Originally posted by audiobomber 1. I wonder if there's a human factor involved too, not just the camera? The blur seems to me to be a harmonic disturbance. Harmonics are generated under certain conditions. Change the conditions and the results change. The fact that a good tripod eliminates the problem points to the fact that grip is significant, and so is the 50% margin measured in the test.
2. I am an excellent shot with a rifle. I believe some of that technique also relates to photography. I tested my K-x at 1/60, 1/125 and 1/250s and none exhibited blur. That may be because my camera is different somehow, or maybe I hold the camera differently (softer, harder, looser, steadier?). Or maybe my testing wasn't thorough enough.
3. I suspect someone will use this work to criticize in-body shake reduction.... Fast shutter speed generates oscillation in the sensor, causing blur in the image.
Ad 1. We managed to specify a testing situation exactly reproducing the effect but eliminating any human factor.
Grip won't help except if you have a veteran iron hand. The shutter moves the body by only ~10µm. The human skin is too soft and too thick to do anything against, whatever be your grip.
Ad 2. We made no statement about the K-x. And yes, thorough testing was what was missing prior to our work.
Ad 3. Yes, but we express the opposite opinion wherever we can. In-body shake reduction is great actually because theoretically it could counteract any shutter blur effect. The K-7 probably can't because the required frequencies are 10x higher. But it could be done in theory so the in-body SR approach is superior.
Originally posted by Class A P.P.S.: Pentax needs to start selling "Class A" tripods. Surely people will buy more of these now. Looking at my username, perhaps I should start selling them?
A 120mm x 60mm x 50mm thick iron plate with a tripod screw and a tripod hole upgrades any tripod to a class A tripod (it should reduce blur width from max. 11µm to max. 3µm and make it neglegible). It will help in muscle building too when shooting free hand
Selling them is a good idea. Shipping cost may be a little high though
Originally posted by cfraz Falk, you referred to a "static offset" blur component. If I interpret your charts correctly, it looks to cause on the order of 1px blur. Any thoughts as to it's origin?
Also, did you make any measurements with the camera in portrait orientation? One would expect the extraneous blur component to be midway between the 0 degree and 180 degree results, no?
You need to read the paper on Image Sharpness. In a nutshell: The static blur offset expresses the fact that even a
perfect image has blurred edges and you want them blurred to avoid the stair case effect on tilted lines. Moreover, no image is perfect in practice and there will always be significant blur in an image unrelated to shake.

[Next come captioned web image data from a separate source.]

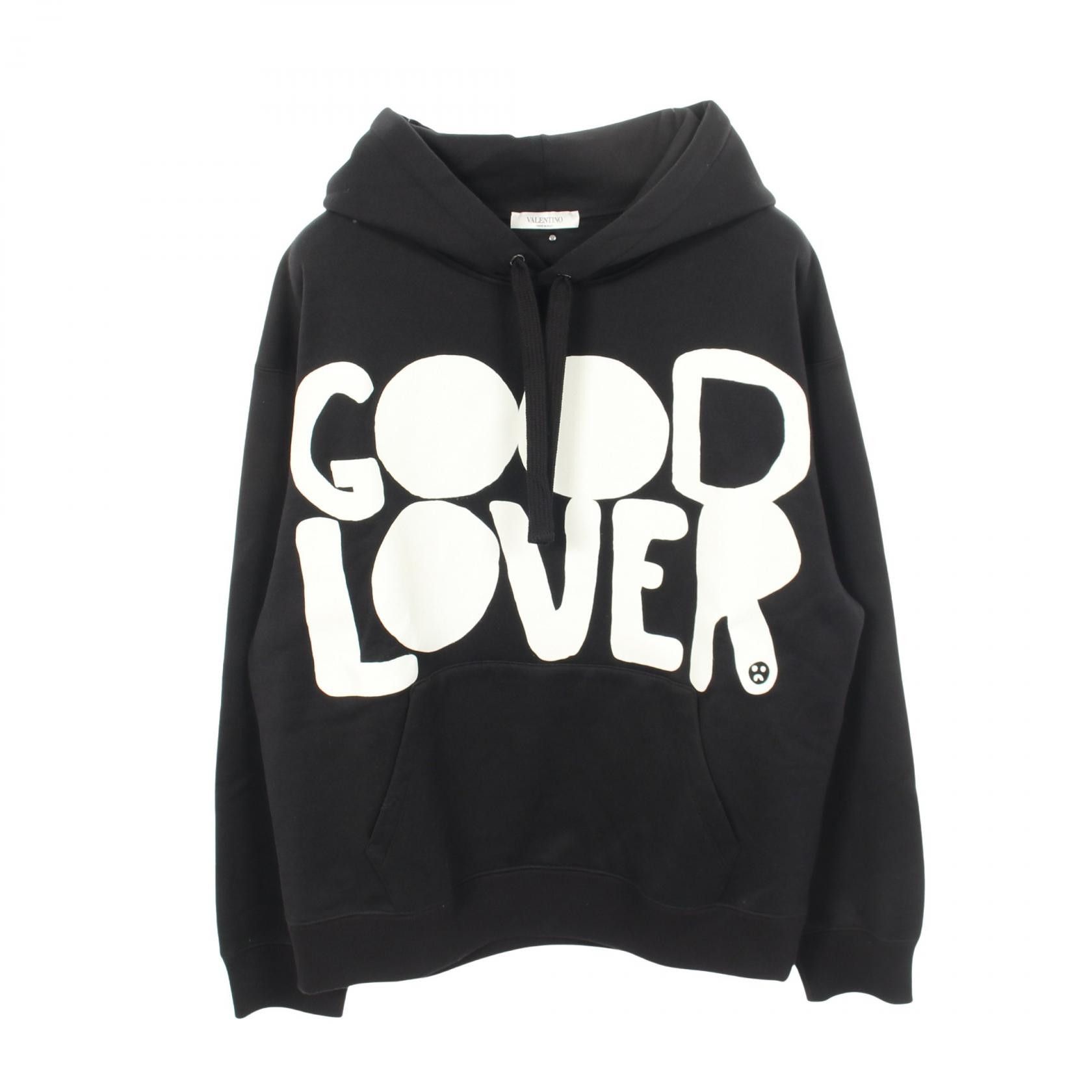 Valentino Valentino Valentino Cotton Hoodie Textile Sweatshirts & Hoodies DUTY FREE for USA Size ONE SIZE - 1 Thumbnail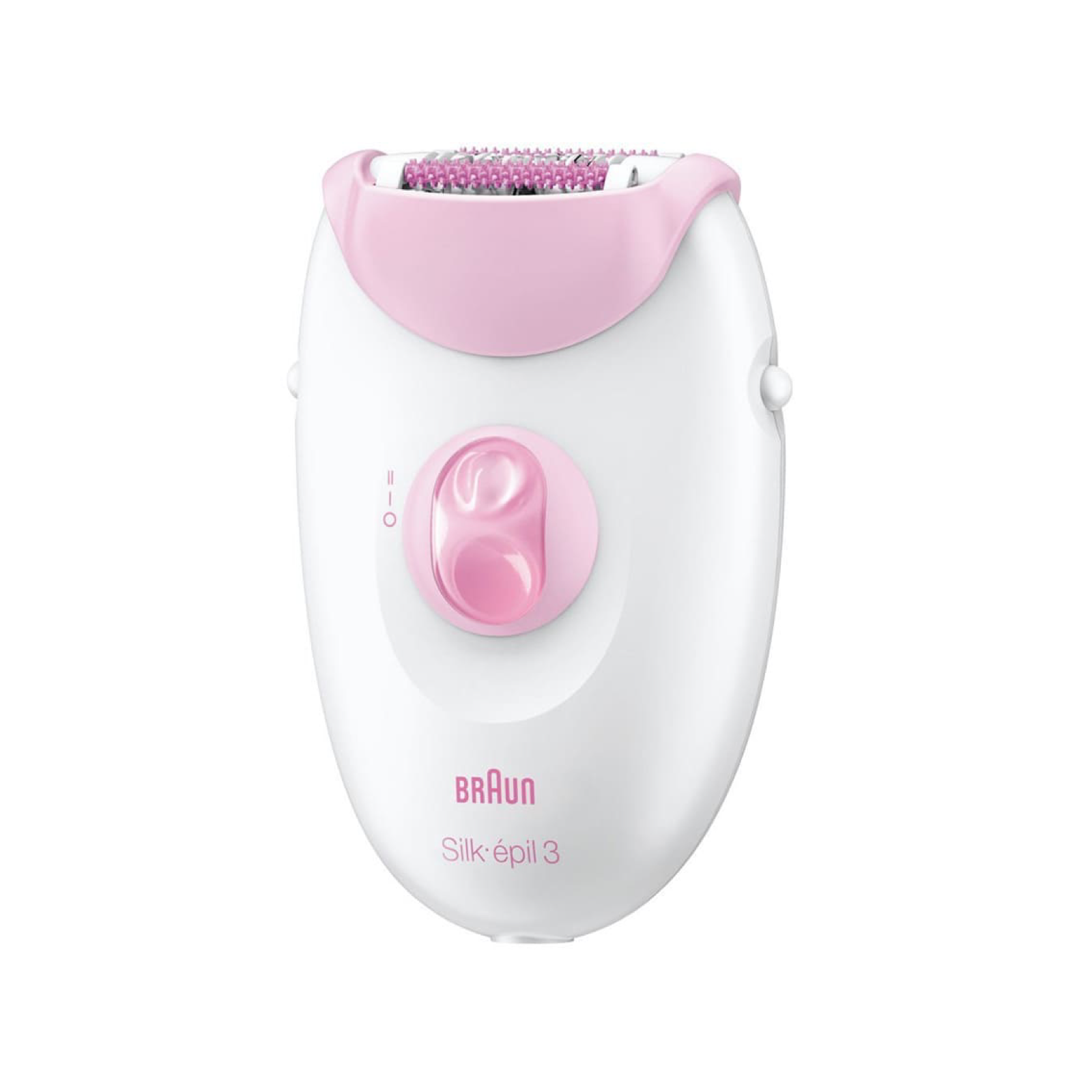 Эпилятор Braun Silk-epil SE3-270 Silk-epil, для тела, зона бикини, металл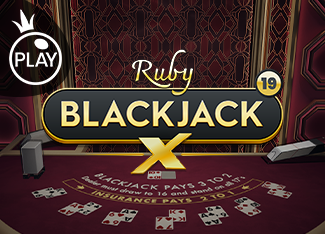 Blackjack X 19 - Ruby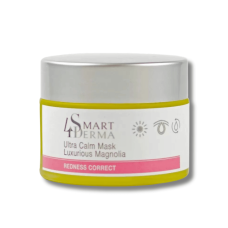 Інтенсивна зміцнююча маска "Розкішна магнолія" - Smart4Derma Ultra Calm Mask Luxurious Magnolia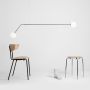 Aldex PURE 1064H4 Hanglamp 2x40W/E14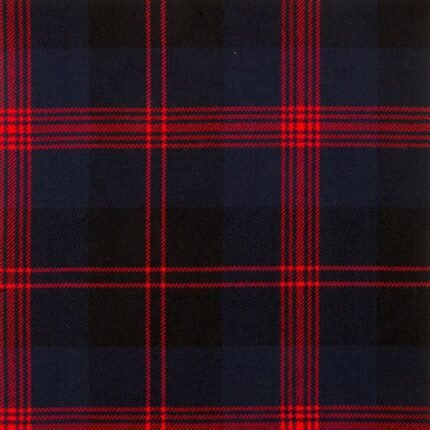 Angus Modern Tartan Fabric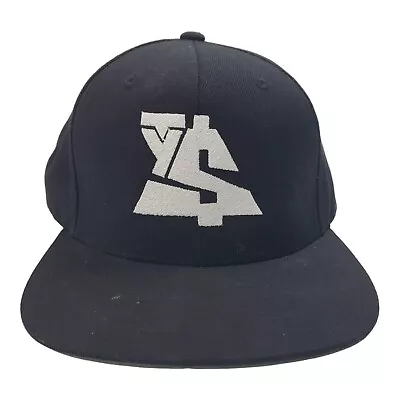 Buy TY DOLLA SIGN Hat Cap Adult Black Snapback Logo Spell Out Hip Hop Music Merch • 21.71£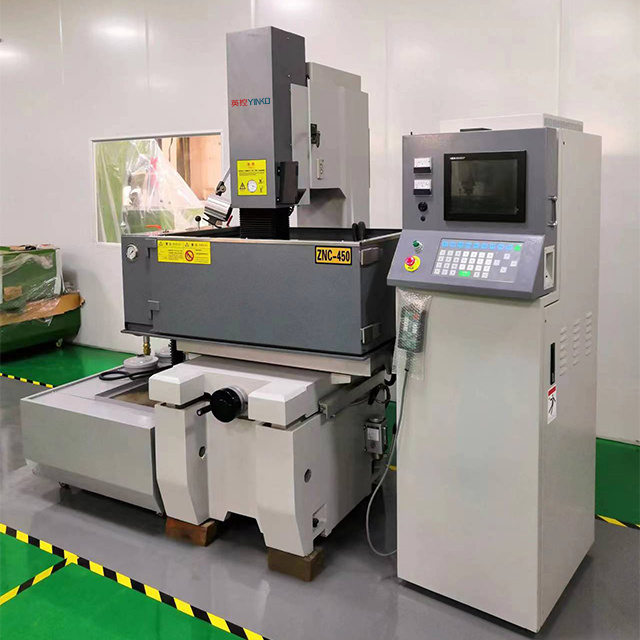 Electric Discharge Machine ZNC-450 Desktop EDM Machine For Mold Processing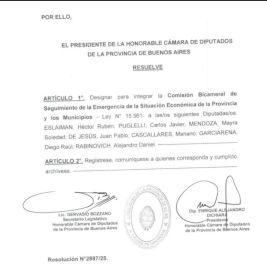 El Senado procrastina y la Bicameral de fondos municipales retrasa conformación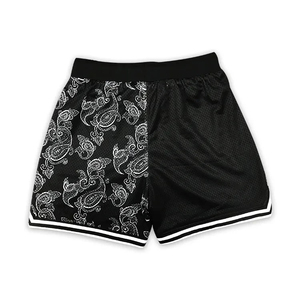 Latest Design Customized Logo High Street Elastic Waist Solid Lightweight Breathable Waterproof 100% Cotton MMA <b>Shorts</b> <b>for</b> <b>Men</b> - Product Image 6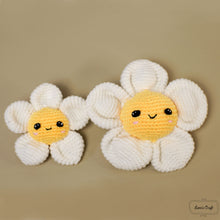 Load image into Gallery viewer, Flower Amigurumi Crochet Pattern | Easy DIY Digital PDF Tutorial for Beginners
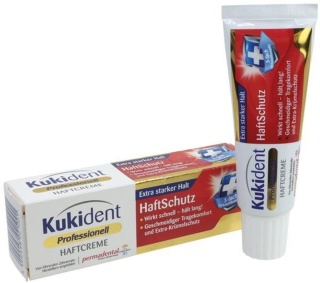 Krem mocujący do protez HaftSchutz Extra Strong, Kukident Professionell, 40 g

Yes, we assume portrait orientation to be slightly worse than landscape but didn't measure it.
Originally posted by Eruditass I don't see how this changes the observation that SR was ineffective above 1/100s? Unless your data was simply extrapolated from 1/100s.
It does change the observation. The data wasn't simply extrapolated but at higher shutter speeds, shake became too small to be measurable exactly enough to differentiate. Except for very long focal lengths. And this is exactly how this study was started: by doing a 300mm measurement, first by Rüdiger, then by myself. So, we found it isn't SR but something else and continued to hunt it down.
Next will be to update the SR guide. It is too pessimistic for shutter speeds < 1/200s and long focal lengths.
Originally posted by Gimbal At least the K10 (and probably every other Pentax as well) has the sensor plate pressed between a sort of ball bearings. With this method they make sure that the sensor does not move in any other direction then the up/down left/right plane. But it also means that there is mechanical friction involved.
a simple PD regulator (but that is, as I understand it, only speculation from Lumolabs?)
The PD controller is our speculation. We had to assume some implementation to make quantitative statements if it could be involved in all of this. A variant of a PD controller was deemed to be the most likely implementation.
Friction may or may not be involved. But note that this alone wouldn't explain the difference between K20D and K-7.